For some, these possibilities aren’t new. Greenwood Avenue in Tulsa, Farish Street in Jackson, Morris Street in Charleston, and Parrish Street in Durham have long nurtured their share of dreams. Hat shops, juke joints, banks, restaurants. FUBU before FUBU. “Black Main Streets” displaying the hidden half of W.E.B. Du Bois’ double consciousness. Here, Black people could just be. They could dress up, get to’ down, and live in every shade along the spectrum of sacred to profane.

Those places no longer exist as they were. They’ve been cleaned up, sanitized to protect the sanity—and safety—of some. To retain too much of what they were would only put into sharper relief what they are not. And to explain why they no longer are what they once were requires passage to dark places, occupying a sharp edge of truth on which we prefer not to exist. The behavior that led to the extermination of Black Main Street is so inhumane that no one would claim to have done it or even to have been related to people who would have done it. But somebody must have spit on those students integrating the school. Somebody must have shouted, “Nigger, go home” to the young, trained stoics who were just looking for opportunity. Somebody must have decided that a highway needed to go in that precise location. And those Somebodies are not all dead. In fact, some are still town fathers, community leaders, shapers of our political, social, cultural, and built environments.

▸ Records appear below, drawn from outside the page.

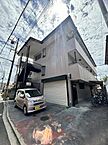 大阪府高石市東羽衣7丁目：物件画像／センチュリー21エーワンホーム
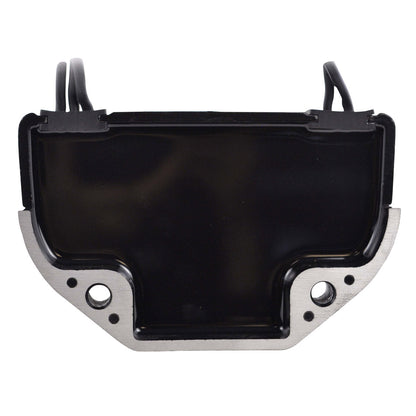 Mosfet Voltage Regulator Rectifier for Harley Davidson Dyna Glide Dyna Super Glide Dyna Wi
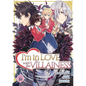I'm in Love with the Villainess (Manga) Vol. 10 - Paperback
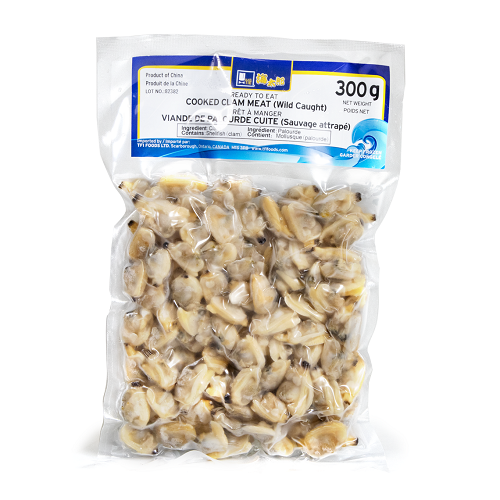 Clam_meat_cleaned_(VP)_305053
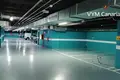 3 bedroom apartment 89 m² Adeje, Spain
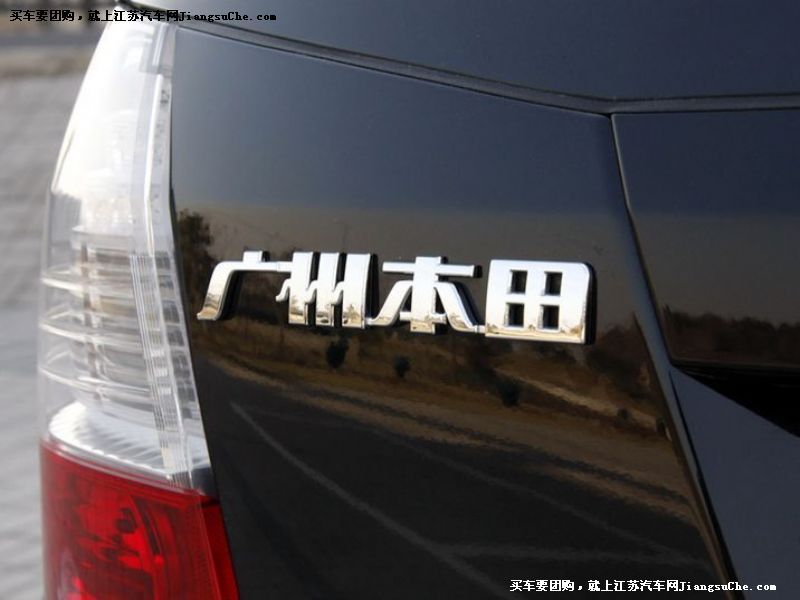 w
cb7
c鿴һD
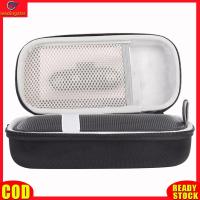 ราคา LeadingStar RC Authentic Speaker Travel Carrying Case Portable Storage Bag Compatible For Bose Soundlink Flex Bluetooth compatible Speaker (20774861345)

Miles Davis talked about ghosts in the country, but there are just as many in The City. The absence of community is felt in urban areas across the country, but intensely so in The Southern City. What was this neighborhood before the apartment building went up? Who attended classes in this old school building, now a coworking space for start-ups? Urban space holds secrets it won’t tell. The ghosts remain among us, silently reminding us of their presence. Tapping us on the shoulder to say that they were once here.

Modern ruins don’t lie buried in the dust of centuries. They sit, uneasily—perhaps even unbelievably—in the minds of aunties and uncles, granddaddies and Big Mamas.

Did they really do that to that boy?

She just left town and never came back.